Article 53(a) EPC, Rule 28(c) EPC
2. The method of claim 1 for obtaining polypeptide-secreting cells requires the use of a culture of primate pluripotent stem cells (pPS) which, according to the description of the application, includes human embryonic stem (hES) cells (cf. page 6, lines 19 to 20 of the application as filed). In the decision G 2/06 (supra), the Enlarged Board of Appeal considered that "(b)efore human embryonic stem cell cultures can be used they have to be made" and that, if the "only teaching of how to perform the invention to make human embryonic stem cell cultures is the use (involving their destruction) of human embryos, this invention falls under the prohibition of Rule 28(c) EPC" (cf. G 2/06, supra, point 22 of the Reasons). The Enlarged Board of Appeal further decided that the argument of the appellant that, for the assessment of patentability of these inventions, "all the steps preceding an invention for the purposes of Rule 28(c) EPC" should not be taken into account, was not relevant. Thus, the Enlarged Board decided that these steps had to be considered (cf. G 2/06, supra, point 23 of the Reasons).

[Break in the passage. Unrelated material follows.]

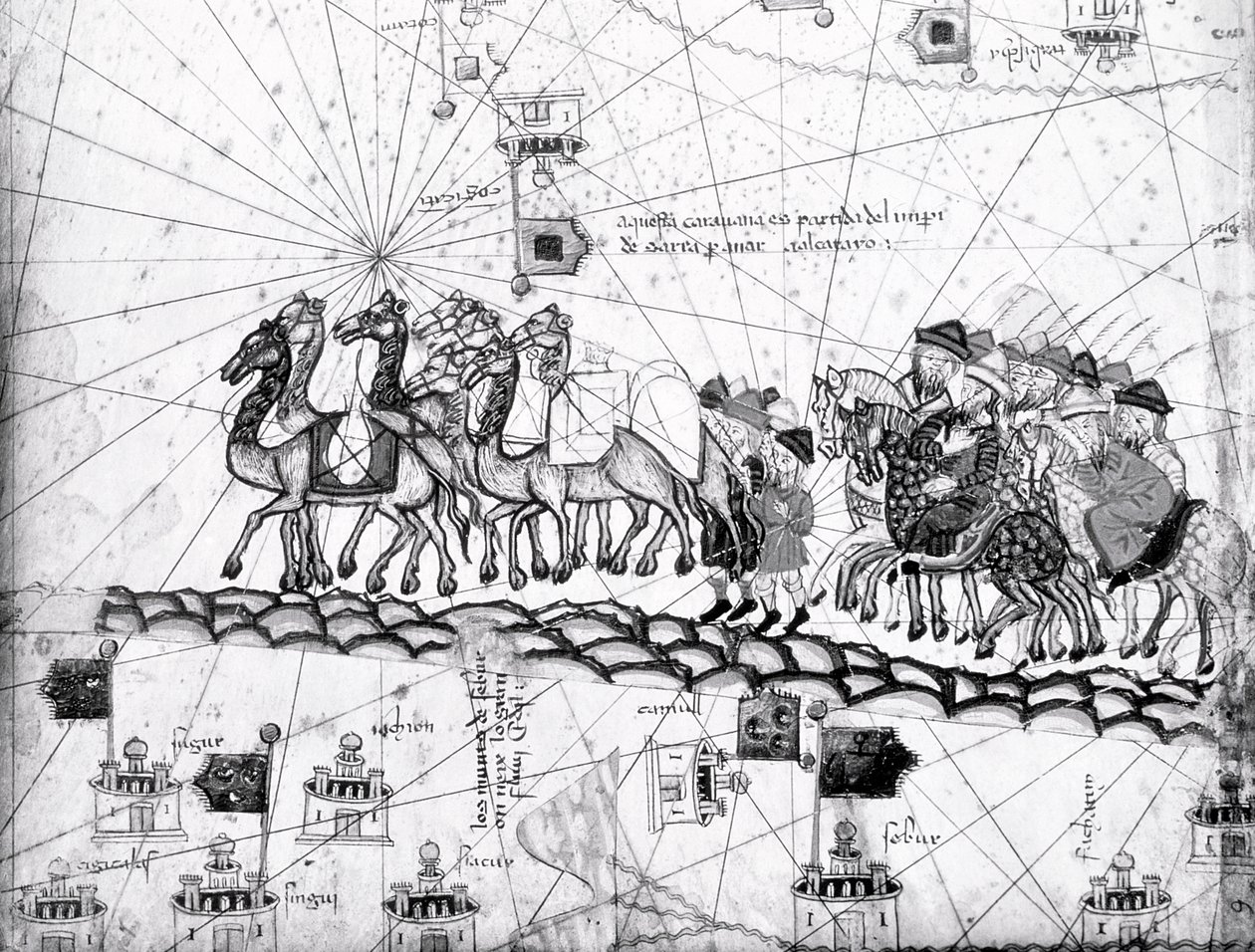 Ms Esp 20 paneeli 4, Kauppiaat matkustavat Cathayyn Kiinaan Marco Polosin jalanjäljissä, yksityiskohta Marco Polon perheen matkustamisesta kamelin karavaanilla, Charlille julkaistusta Katalonian Atlasista tekijältä Abraham Cresques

3. At the relevant date of the patent in suit, the known and practised method for achieving cultures of hES cells, i.e. the starting material of the method of claim 1, included preceding steps that involved the destruction of human embryos. These destructive methods are not excluded from the scope of claim 1. Thus, in accordance with decision G 2/06 (supra), the board decides that the Main Request is not allowable under Article 53(a) EPC and Rule 28(c) EPC.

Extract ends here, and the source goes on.